Info about aggregation and periodic tasks

I've installed ELK stack on a CentOS box recently and I'm testing what is capable of. I've read some docs, but I can't figure out how to:

  • do some advanced aggregations I'm used to in MongoDB
  • add periodic aggregation tasks to elasticsearch and then see the output data in kibana for data plot.

I'l try to explain what I want to achieve.

I have the following JSON data in ES, populated by logstash:

{ "@timestamp": "data_timestamp", "user": "DOMAINID/username", "action": "login" }

In kibana I've easily plotted some stats like: active users per hour and total users.

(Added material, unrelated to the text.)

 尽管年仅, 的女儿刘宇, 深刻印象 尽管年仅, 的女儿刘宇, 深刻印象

I've read some docs, but I can't figure out how to:

  • aggregate users by domain and count unique users on that domain in a time frame
  • make a periodic task (coded in Groovy) which does some aggregation every hour and stores data in elasticsearch

For the aggregation by domain, from the docs I've seen that in kibana it's possible to make scripted fields, but they are not available in ES, so if I develop an app which connects to ES, I will not get that field. One of the options I thought about is to dynamically add a "domain" field on every incoming JSON in logstash, with the help of some ruby code, but I'm wondering if it's the best approach.

For the periodic task, I need some directions. Is there an integrated scheduling system in ES or I have to develop an application which periodically connects to ES, does the aggregation and then posts the results to ES? My goal is to have complex aggregation happening on ES level and have the output data available on kibana for plotting. The best thing will be to write some Groovy scripts which does the aggregation.

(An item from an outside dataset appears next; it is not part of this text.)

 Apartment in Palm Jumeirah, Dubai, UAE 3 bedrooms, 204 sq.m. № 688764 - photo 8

Any suggestions or links to examples are very appreciated :smile:
Thank you

For the periodic task, you may wish to investigate the Elasticsearch Watcher Plugin - that's exactly what it was designed for. It can execute complex ES logic on a schedule and one of the actions is to index additional data into ES.

As far as your approach of enriching documents with domain information, I think that's a good approach - Kibana scripted fields do not currently allow you to parse strings (unless you use Groovy, but that comes with a host of complexity), so you're better off doing that in Logstash and storing the domain as a separate field.